O primeiro dia de mandato do novo prefeito de Barra Bonita, José Carlos de Mello Teixeira, o Nenê (PPS), foi assinar as portarias de demissões de 60 ocupantes de cargos de confiança da administração anterior. Ele assumiu ontem de manhã a prefeitura pela terceira vez, após a decisão do Tribunal Regional Eleitoral (TRE) que recusou no dia 10 de setembro o recurso de Guilherme Belarmino (PP), cassado em fevereiro por abuso de poder econômico e compra de votos.
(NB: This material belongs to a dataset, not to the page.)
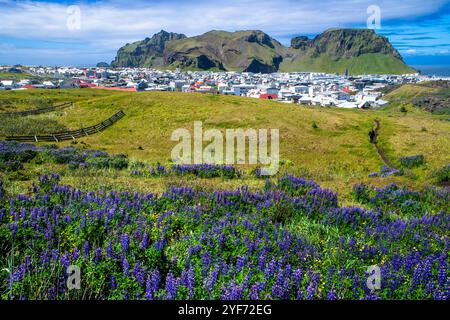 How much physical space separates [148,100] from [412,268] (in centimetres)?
6252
O presidente da Câmara de Vereadores, José Jairo Meschiato (PRB), assumiu o cargo na sexta-feira, uma vez que os votos de Belarmino foram anulados naquele dia, até a Justiça diplomar os novos prefeitos e vice e o Legislativo realizar a sessão solene de posse anteontem.
Nenê disse ao JC que as demissões ocorreram por conta de uma liminar da Justiça Federal que considera inconstitucional a criação desses cargos. Guilherme não teria atendido a determinação judicial. Ele baixou um decreto proibindo novas contratações e tentou entrar com dois recursos sem obter êxito. A reportagem não conseguiu ontem localizar o prefeito cassado. “A grande maioria que está sendo demitida nem apareceu ontem ao trabalho”, declarou o novo prefeito.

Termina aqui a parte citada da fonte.